A falácia deste raciocínio é que, na realidade, as soluções não foram experimentadas. Tudo aquilo que compõe o Código da Estrada, com excepção da circulação pela direita, é ignorado pela generalidade dos automobilistas, com alegria e impunidade, e vai continuar a sê-lo.
Os automobilistas portugueses não vêem o Código da Estrada como um instrumento social que visa garantir a fluidez e a segurança do tráfego, mas como uma ferramenta legal para decidir quem paga quando se bate. O problema é que às vezes não se bate apenas mas também se mata.
A verdade é que as leis que regulam a circulação não são aplicadas, a não ser em períodos excepcionais de zelo como as tontas operações de "tolerância zero" — que não são senão caricaturas de medidas razoáveis. Não é uma multa por se exceder o limite de velocidade em 10 quilómetros à hora que leva um automobilista a sentir a necessidade de cumprir a lei. Pelo contrário.

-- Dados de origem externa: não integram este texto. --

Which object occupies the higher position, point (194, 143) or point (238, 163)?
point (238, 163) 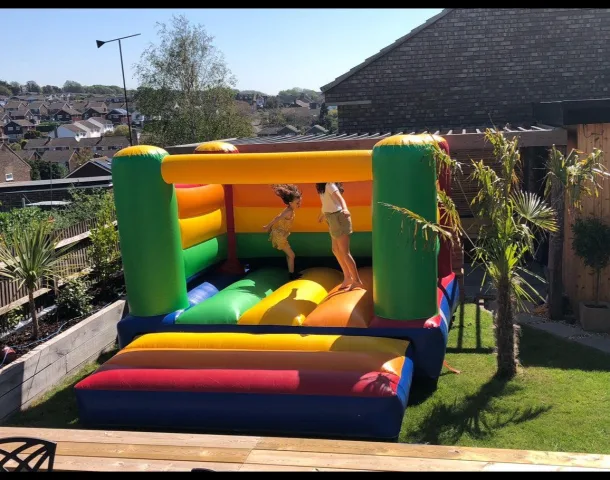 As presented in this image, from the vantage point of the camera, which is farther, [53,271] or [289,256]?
[289,256]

Todos sabemos a razão da esmagadora maioria dos acidentes na estrada: excesso de velocidade, ultrapassagens irregulares, etc. É evidente que seria possível identificar os prevaricadores perigosos e aplicar a lei de forma dissuasora (já experimentaram colocar-se na faixa da esquerda de uma auto-estrada a 120 quilómetros à hora? Subir a Av. da República de Lisboa a 100 à hora e ver se conseguem ultrapassar alguém? Contar quantos carros passam com vermelho na Av. da Liberdade?), mas é claro que o Governo não o pretende fazer. E não o quer fazer porque sabe que isso seria visto como um ataque por aquela faixa do seu eleitorado para quem o carro é parte integrante da imagem do seu corpo — a imagem mais correcta é a de um implante peniano, o que também é válido para as mulheres.

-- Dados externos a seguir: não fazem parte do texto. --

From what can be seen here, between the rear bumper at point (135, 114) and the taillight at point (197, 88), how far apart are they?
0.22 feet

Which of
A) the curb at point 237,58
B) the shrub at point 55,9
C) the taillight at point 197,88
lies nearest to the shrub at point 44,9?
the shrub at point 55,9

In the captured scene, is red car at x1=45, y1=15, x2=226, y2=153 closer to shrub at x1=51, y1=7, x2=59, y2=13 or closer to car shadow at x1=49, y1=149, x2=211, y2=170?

A aplicação da lei não basta. A existência de transportes públicos que sejam uma alternativa possível e agradável ao transporte privado é essencial. Mas sem a vontade de afrontar aqueles que acham que têm um direito divino a ultrapassar pela direita, os mortos e os feridos vão continuar.
terça-feira, abril 10, 2001
O Volvo em cima do passeio
por José Vítor Malheiros
Texto publicado no Público de 10 de Abril de 2001
Crónica x/2001
Domingo, depois do almoço. Um dia glorioso. O sítio é a esplanada do Jardim das Oliveiras, no Centro Cultural de Belém.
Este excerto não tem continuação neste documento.